By offering products to consumers that limit the risk of losses, or by offering products that mitigate the risk to government balance sheets, insurers and reinsurers can play an important direct and indirect role in the expanding terror risk landscape.

“It is clear our industry will play an important role in shaping the response to this threat,” says Guy Carpenter.

The size of the terror threat, combined with the growing and very real cyber terror threat, means that new sources of reinsurance capital will be required, and, given the size of potential losses, the capital markets might also have an important role to play in the space.

“The (re) insurance industry must remain in tune with these developments; it must gain insights from academia and observers on how the peril is changing, keep alert to new products in the market, unlock new sources of capacity and help clients understand their portfolios more readily so they remain relevant to their consumer base,” says Guy Carpenter.

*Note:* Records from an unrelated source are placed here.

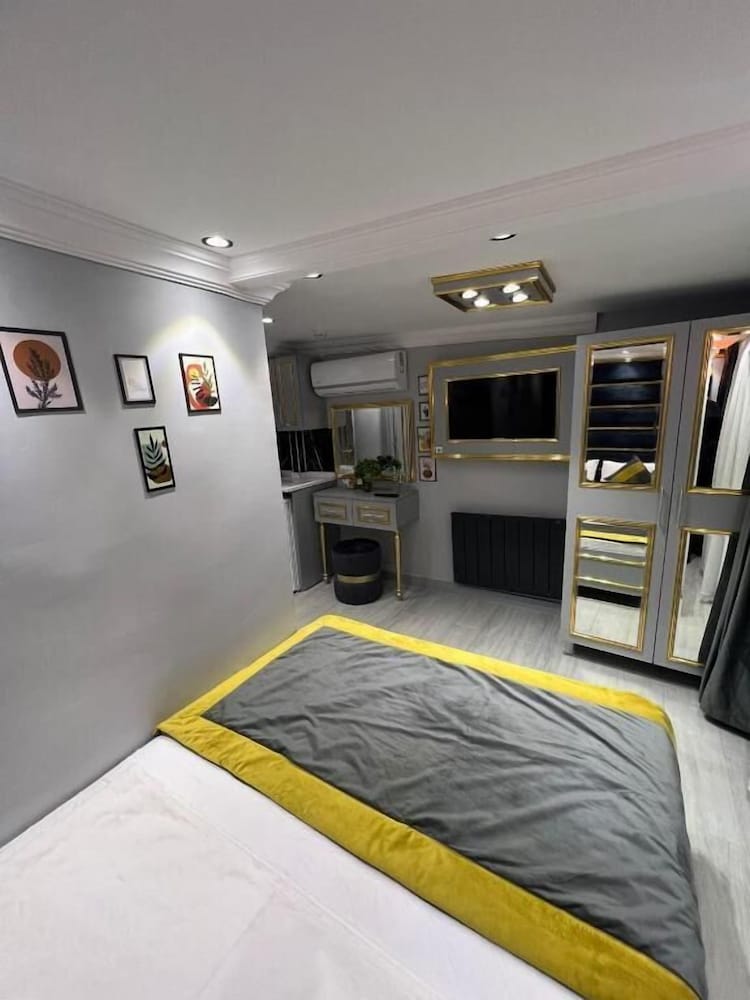Deluxe Studio Suite photo 3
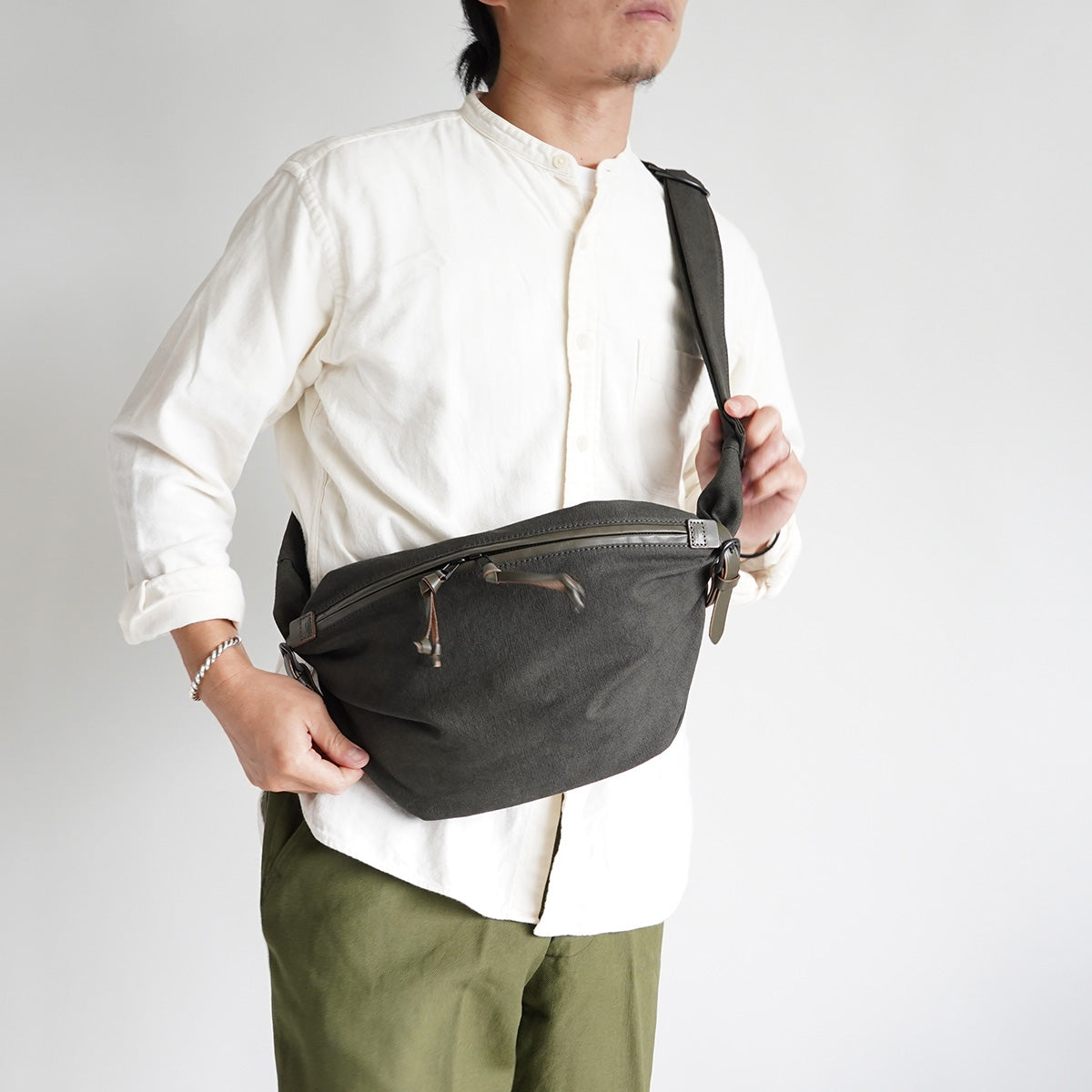 KUROSABI - Black Rust Dye - Sling Bag GRN9600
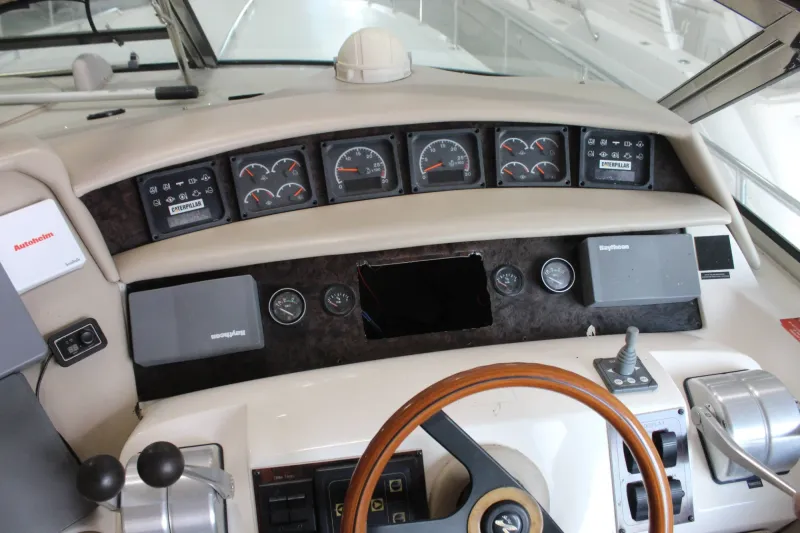 Slide: The Image of Sea Ray 630 Super Sun Sport 1996 - 25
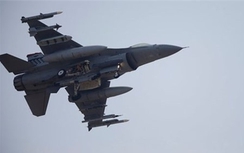 Chiến đấu cơ F-16 của Mỹ bốc cháy khi đang huấn luyện trong đêm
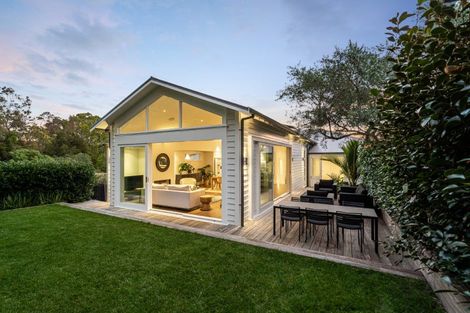 Photo of property in 26 Farrar Street, Grey Lynn, Auckland, 1021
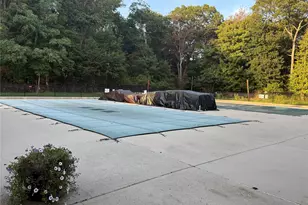 87 Kettles Ln, Medford, NY 11763 - Photo 22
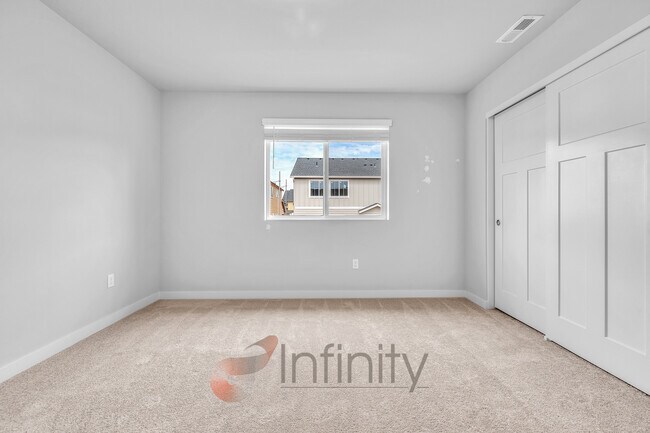 Building Photo - 8943 SW Vermillion Dr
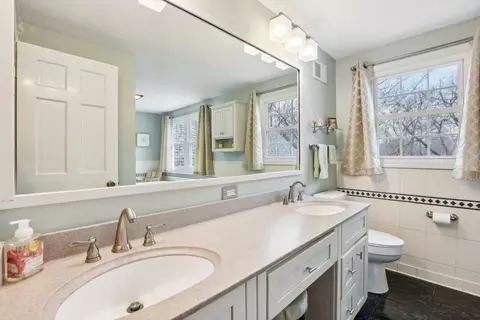 Bath - 600 Briar Ln, Morris, IL 60450 photo 3 of 7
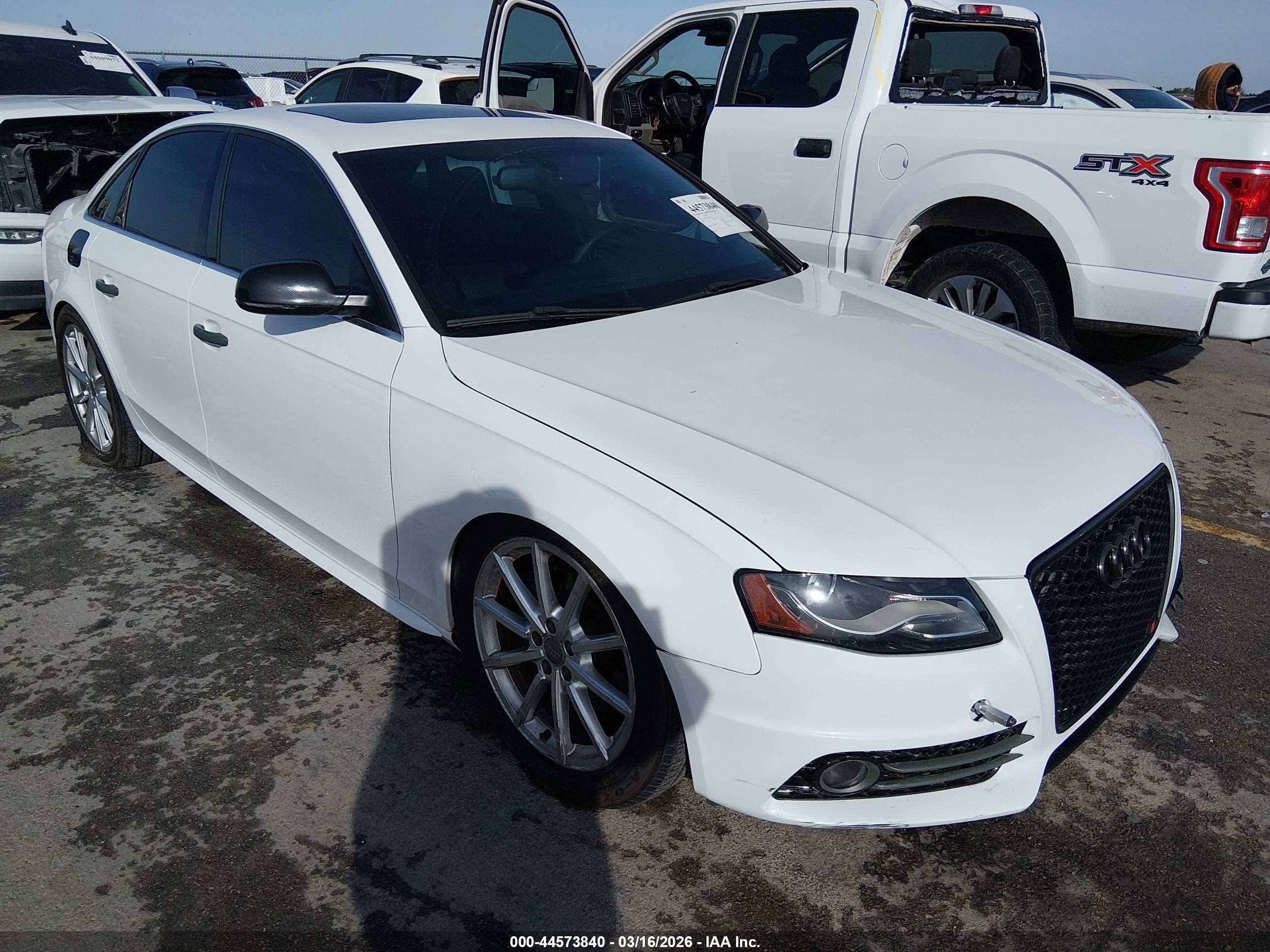 2011 Audi S4 Premium Plus, VIN WAUBGAFLXBA001405 — Днище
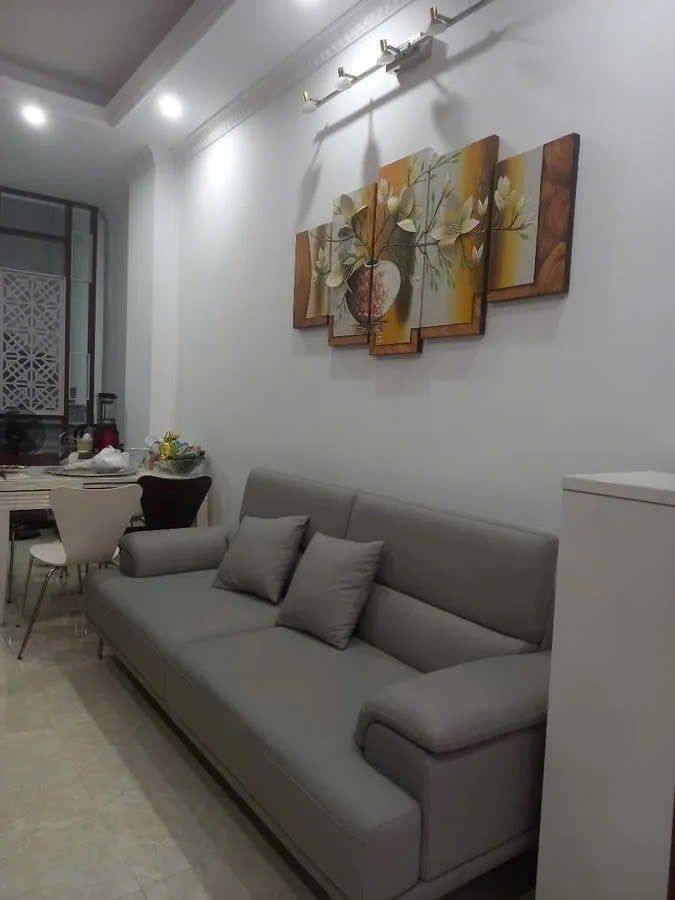 Hiếm có! Nhà 5 tầng An Dương, Tây Hồ, sát Hồ Tây, sổ đỏ chính chủ, giá 7,8 tỷ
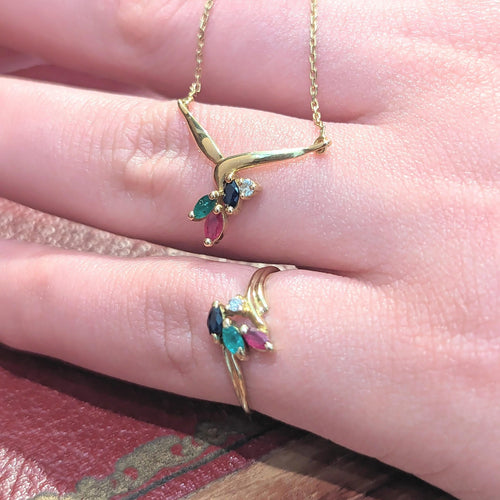 Bague Bague Florale Emeraude, rubis & saphirs 58 Facettes 25930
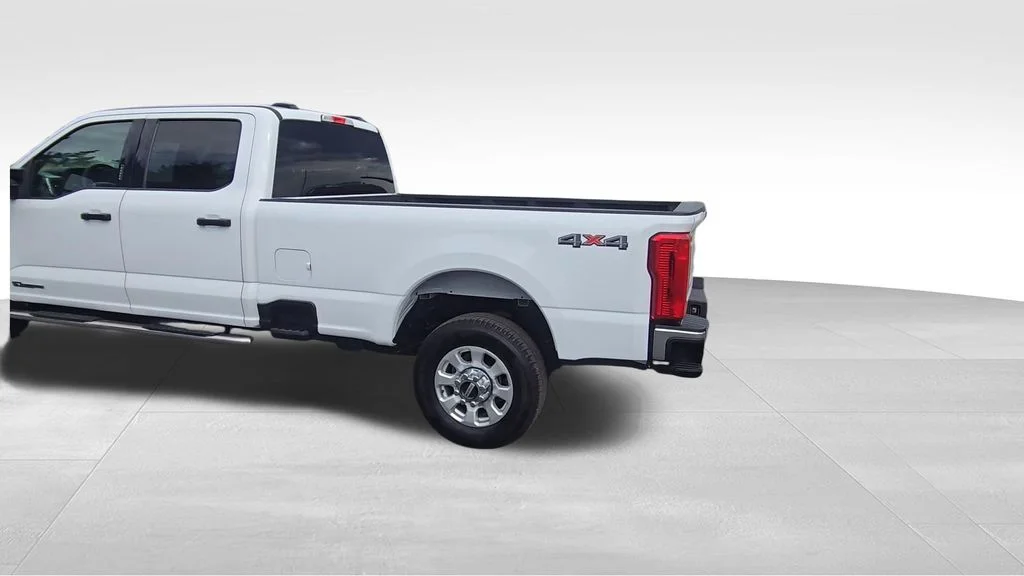 Used 2023 White Ford XLT image 6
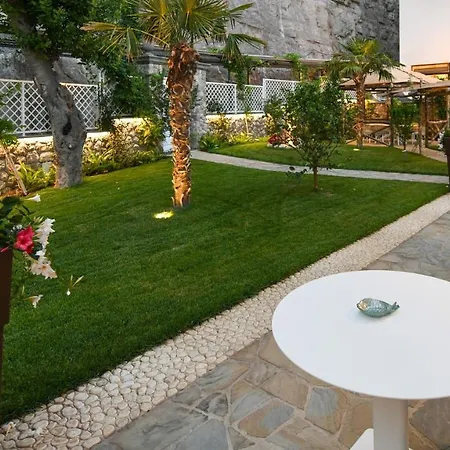 Villa Luxury Del Maggiore - Sea Side, Beach, Garden, Parking *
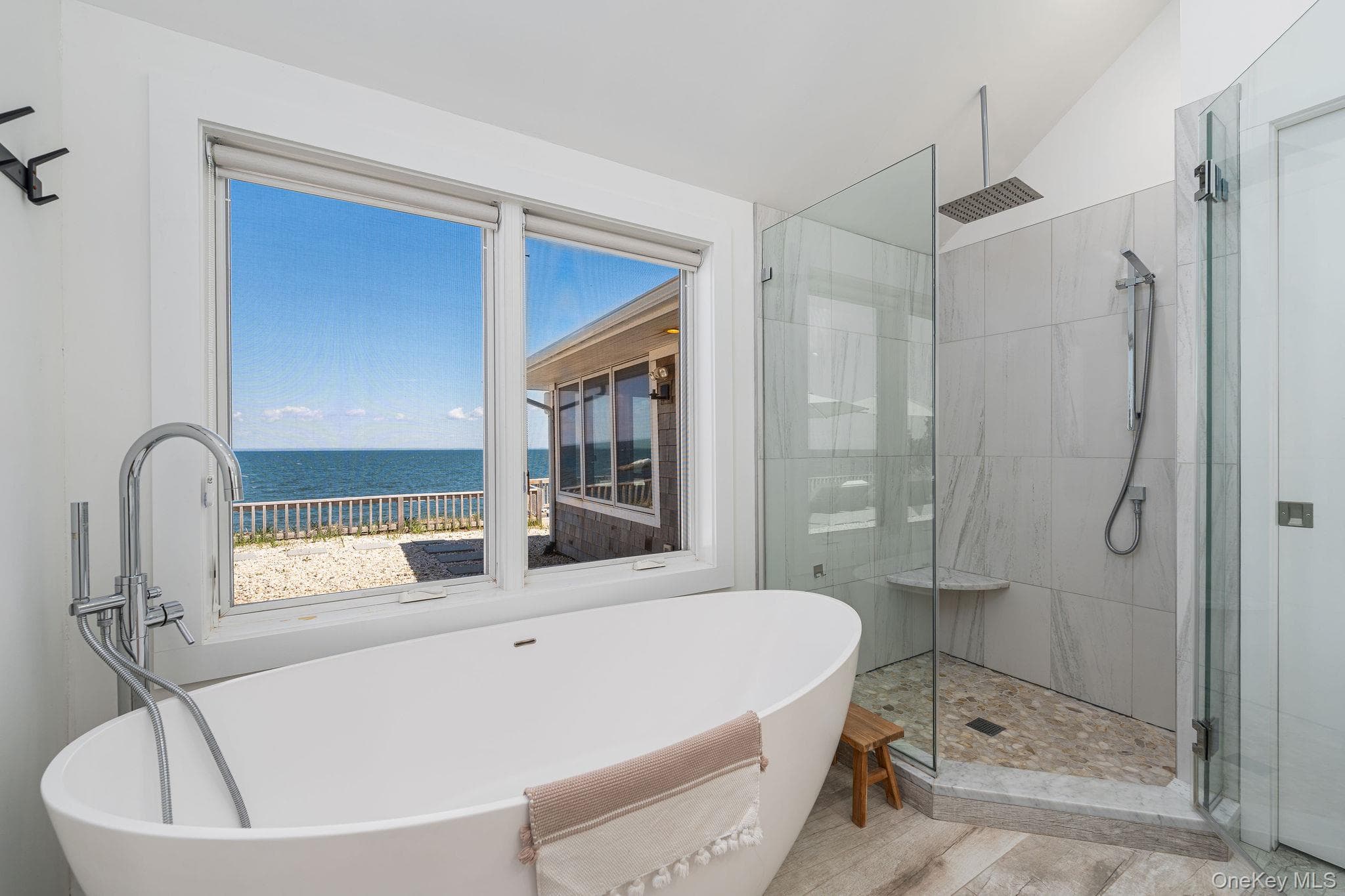 21515 Soundview Avenue thumbnail 26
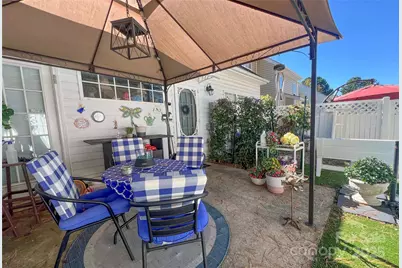 8640 Robinson Forest Drive, Charlotte, NC 28277 - Photo 10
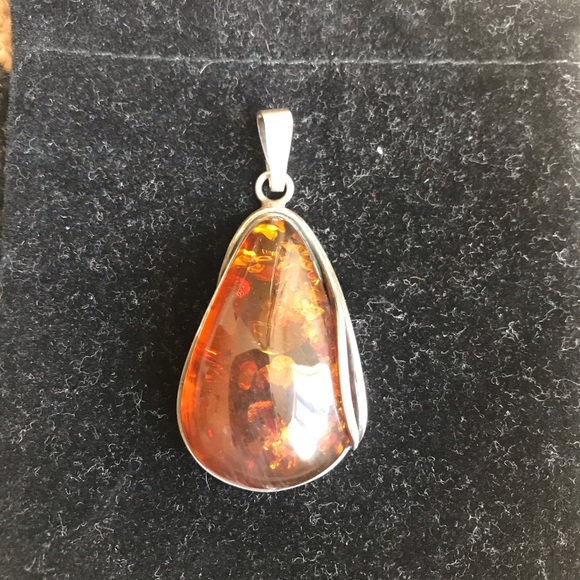 Sterling silver 9.25 Real Amber stone pendant 1.4 inches in length - Picture 3 of 4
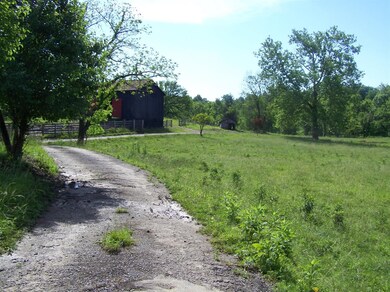 1305 Johnson Rd, Harrodsburg, KY 40330 - photo 7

The capital markets continues to look for ways to get closer to the original source of risk, and the willingness and ability of the investor base to access emerging and diversifying lines of business, suggests insurance-linked securities (ILS) capacity has an opportunity to be a key source of capital in the terror space, ultimately helping to narrow the terror protection gap.

“The industry is well placed to meet these demands head on. New sources of capital combined with capital supplied by traditional reinsurers can potentially create abundant supply, enabling insurers to grow their offerings, both geographically and in terms of coverage,” says Guy Carpenter.

For insurance, reinsurance, and the capital markets to better address the evolving terror risk arena, which includes the cyber terror risk landscape, Guy Carpenter notes that an improved understanding and modelling of the perils are crucial.

Terror and cyber risks are both seen as potential areas of growth for the ILS market, making the capital markets participation in supporting capacity needs for these risks seem likely.